BEGIN Data extract

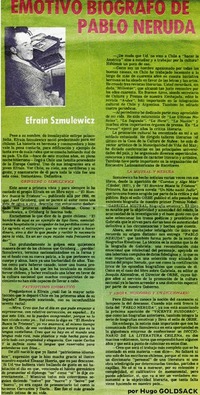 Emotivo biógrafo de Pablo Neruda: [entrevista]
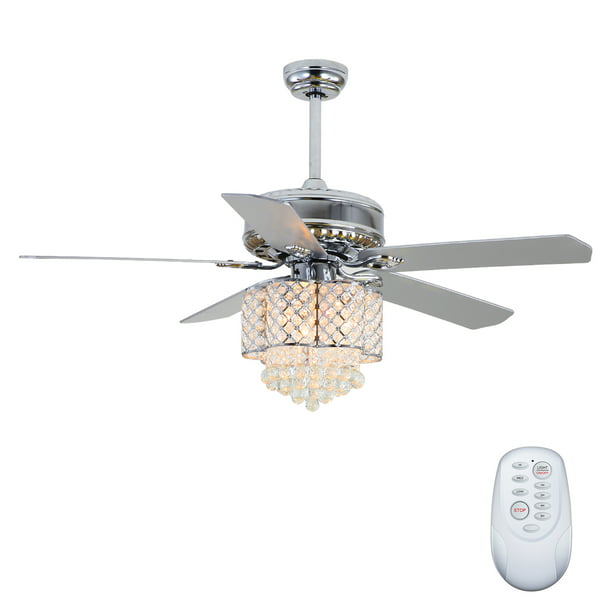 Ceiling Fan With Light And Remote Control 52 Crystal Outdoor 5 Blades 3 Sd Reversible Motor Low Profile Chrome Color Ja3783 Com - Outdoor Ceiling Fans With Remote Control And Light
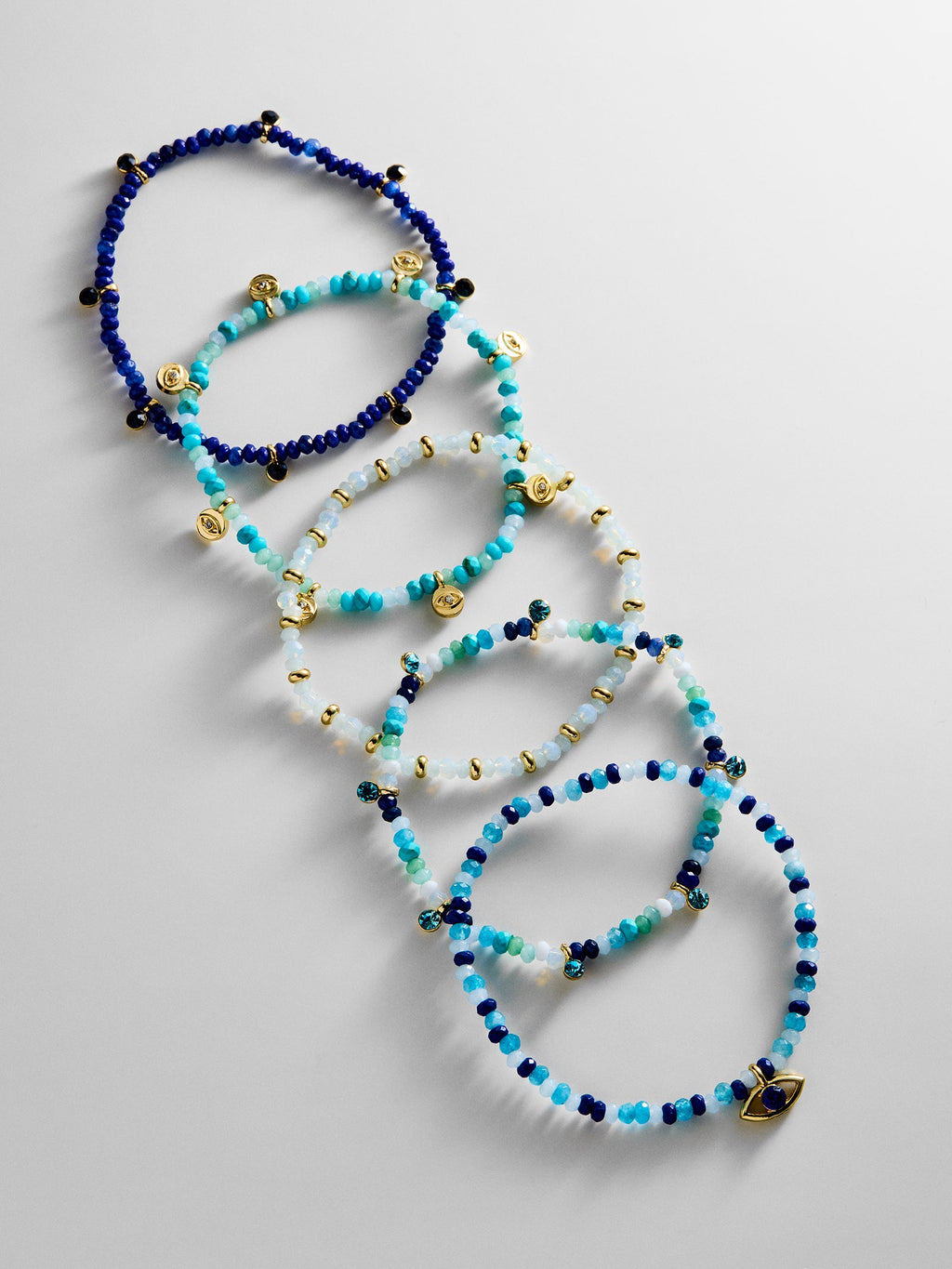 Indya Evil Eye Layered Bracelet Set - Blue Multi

END Data extract
BEGIN Data extract

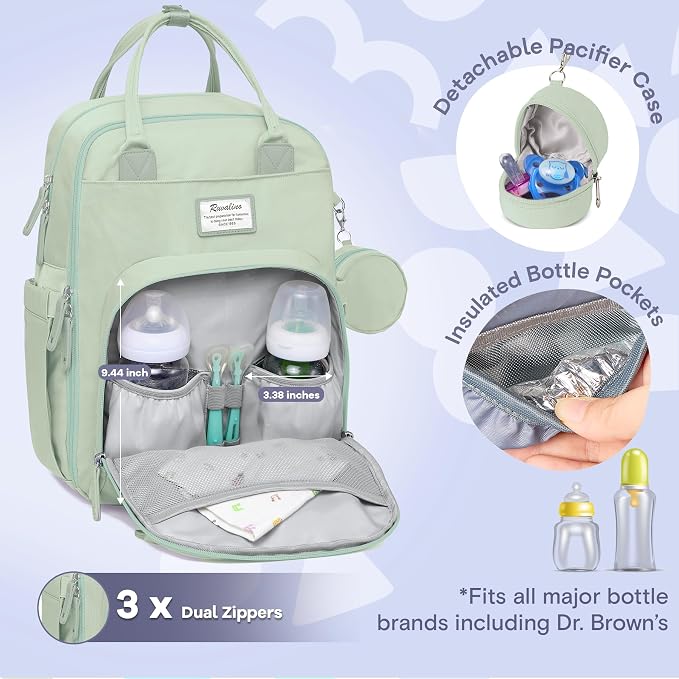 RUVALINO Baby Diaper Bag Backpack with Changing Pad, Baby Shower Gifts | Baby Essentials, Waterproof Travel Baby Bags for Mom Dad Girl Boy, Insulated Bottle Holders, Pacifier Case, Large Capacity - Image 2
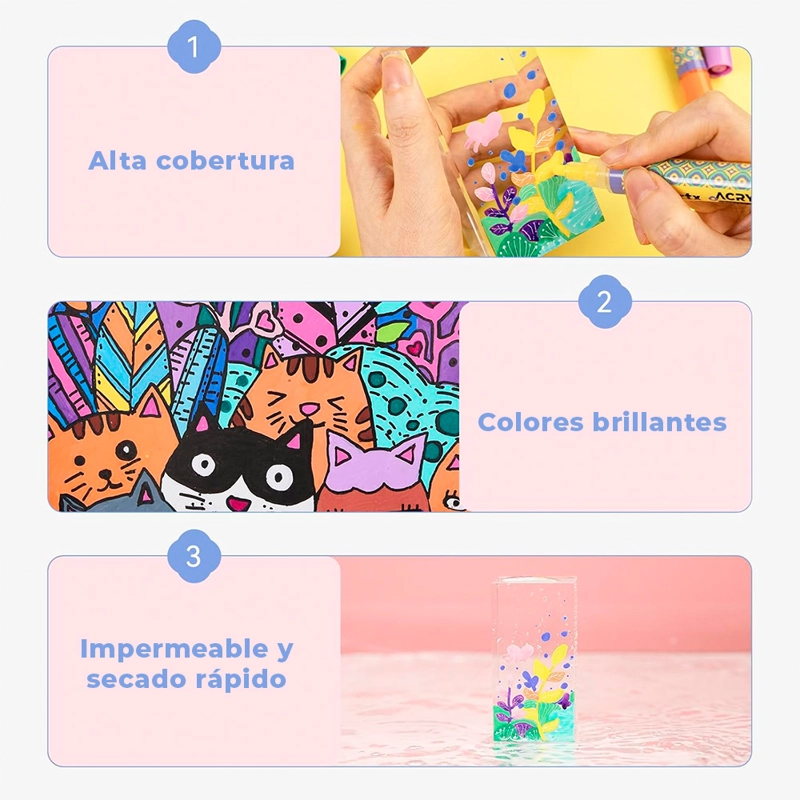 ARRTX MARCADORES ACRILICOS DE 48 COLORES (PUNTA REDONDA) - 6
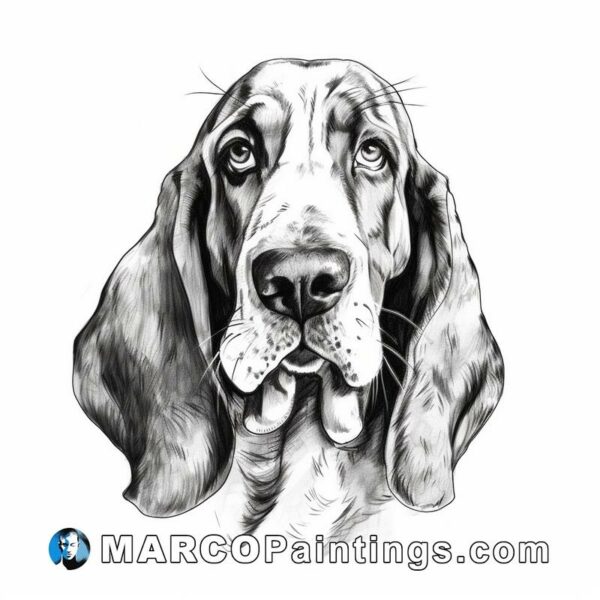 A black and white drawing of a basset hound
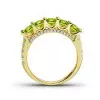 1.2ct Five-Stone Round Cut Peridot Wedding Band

END Data extract
BEGIN Data extract

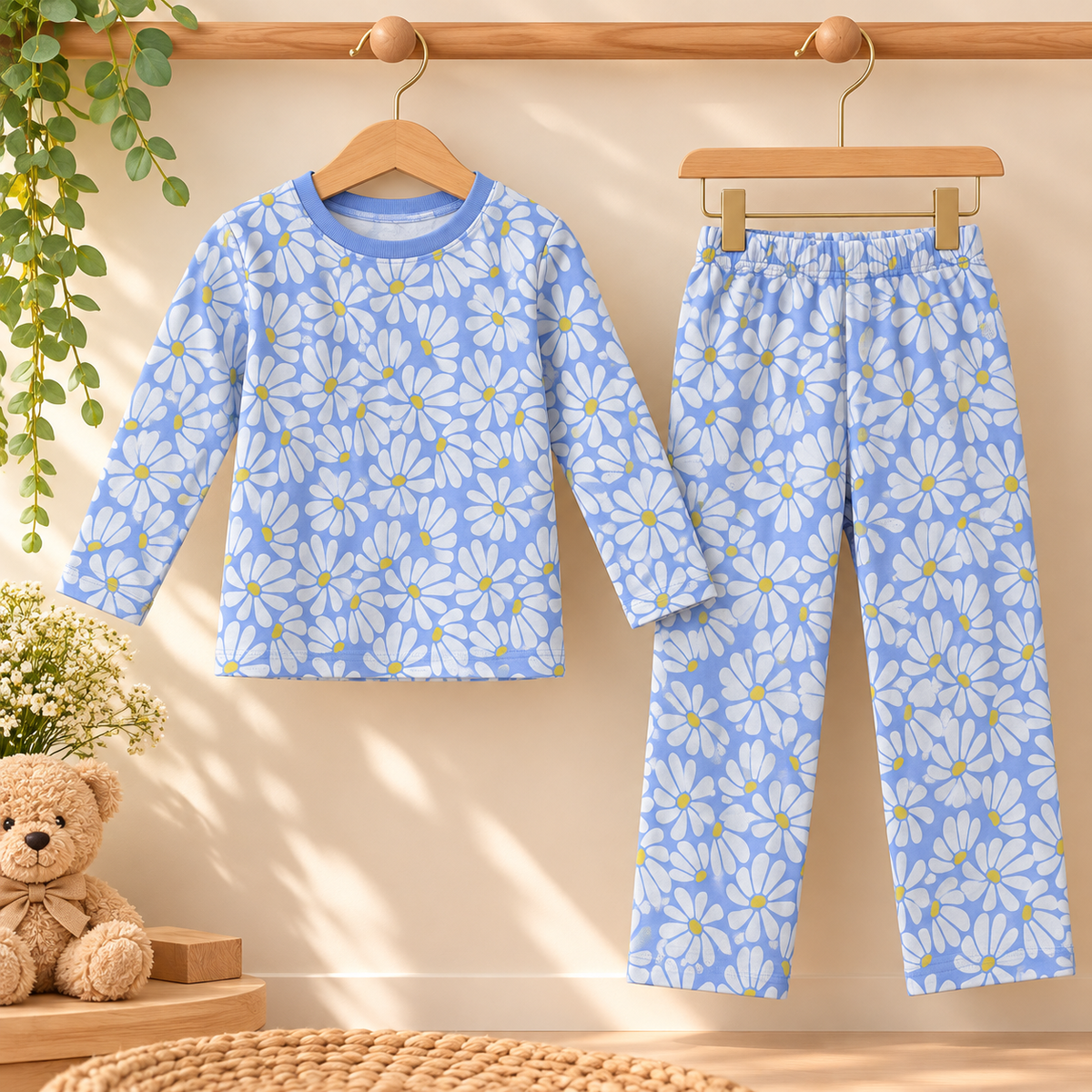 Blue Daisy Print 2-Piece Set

END Data extract

### Work to be completed
Take the material above from the line bearing "A black and white drawing of a basset hound" through the line bearing "1.2ct Five-Stone Round" and write it out exactly, both end lines included. Pictures stay out.

### Answer for this exercise
 A black and white drawing of a basset hound
 1.2ct Five-Stone Round Cut Peridot Wedding Band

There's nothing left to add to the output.